Always eager to improve his means, he accepts a job from two nattily dressed white men to play violin in a traveling circus. After a night of good food and good drink in a Washington, DC restaurant, however, Solomon wakes up the next morning in chains and learns that he has been sold as a slave and transported to New Orleans. While he experiences physical pain, the emotional pain of separation from his wife and children is even more devastating.

After a cynical trafficker (Paul Giamatti) auctions his naked “products,” Solomon, now renamed Platt, is transported to a plantation in central Louisiana where he and Eliza (Adepero Oduye), a young mother cruelly separated from her two children, are sold to William Ford (Benedict Cumberbatch), the only slaveowner in the film depicted with a modicum of humanity. When Platt retaliates against the sadistic overseer, John Tibeats (Paul Dano), however, he is hung from a tree on a rope where he remains for hours while other field hands ignore him and go about their business and only escapes death when Ford returns and cuts him down.

Ford, however, is forced to liquidate his debts and sells him to the sadistic and hypocritical Edwin Epps (Michael Fassbender), who lashes slaves if they fail to meet the quota of the day picking cotton or just to assert his authority, yet sleeps with the most productive field slave, Patsey, played by Lupita Nyong’o in a shattering performance. Their relationship is known to his wife (Sarah Paulson) and, because of her jealousy and Edwin’s guilt, Patsey suffers more than others. In a scene that will be talked about for a long time, Platt is forced at gunpoint to whip Patsey, a whipping that continues for what seems an obscene length of time.
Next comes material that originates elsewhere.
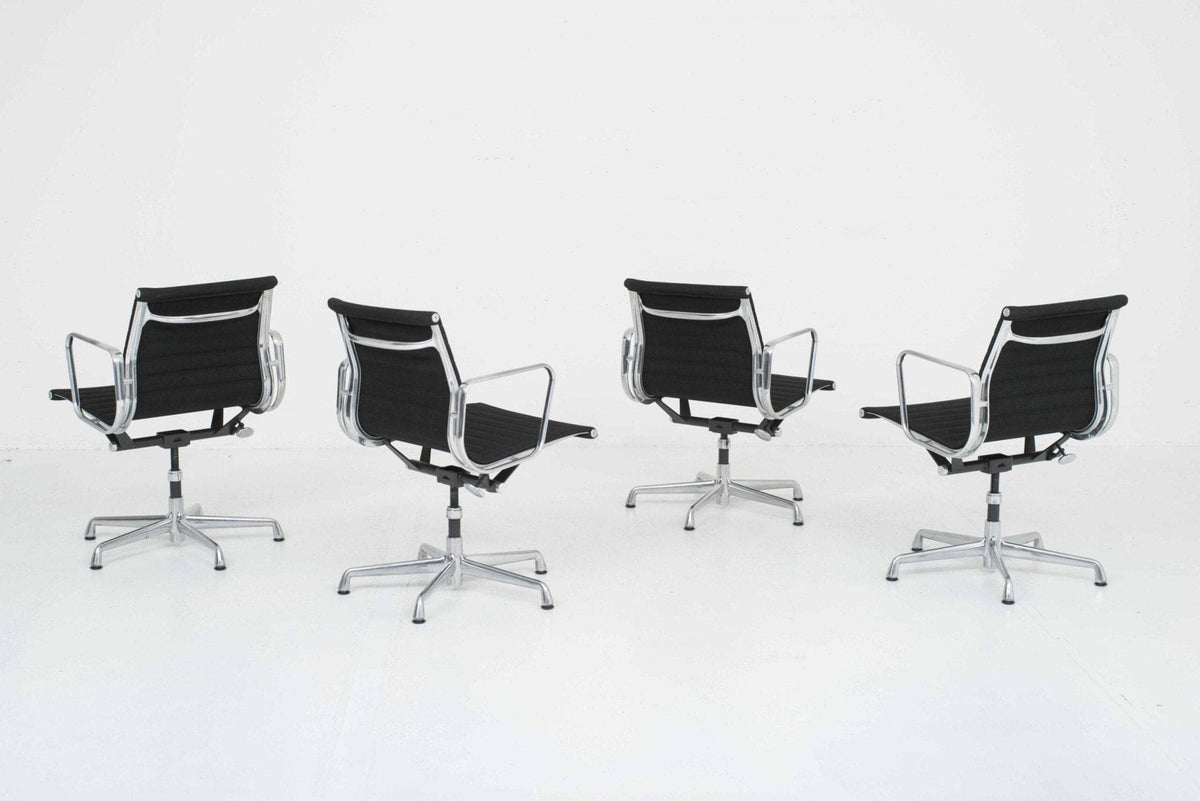 Vintage Bürostuhl von Charles Eames für Herman Miller schwarz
If we were able to reassure ourselves up to that point that it is only a movie, the moment we hear the thunderous lash of the whip against Patsey’s back over and over again, we know that there is no comforting escape mechanism.  Though Platt never despairs, it is only when a traveling white carpenter (Brad Pitt) from Canada with strong abolitionist views hears his story that the look in his eye turns from resignation to a glimmer of hope. Though slavery was part of a worldwide system of economic exploitation, 12 Years a Slave is not about slavery as an institution. This is Northrup’s story and if you think it is filled with exaggerated stereotypes, consider Northrup’s own words:

“I can speak of slavery only so far as it came under my own observation”, he explains, “only so far as I have known and experienced it in my own person. My object is, to give a candid and truthful statement of facts: to repeat the story of my life, without exaggeration, leaving it for others to determine, whether even the pages and fiction present a picture of more cruel wrong or a severer bondage.” Though Platt, like the others, is a victim, Ejiofor’s moving performance so strongly enlists our support that we encompass his perseverance, dignity, and relentless struggle for his humanity as part of our own fight to be who we really are and to express it with love and without fear.

While 12 Years a Slave can be overwhelming, it is a welcome history lesson that films have heretofore neglected to tell, one that dispels the myth of the happy slave and the benevolent master. A riveting experience that conveys the agony of what it’s like to endure the debasement of one’s essential humanity, it is not pretty but, then again, the truth often isn’t. I don’t know if I will ever want to see it again, but I am certain I will not soon forget it.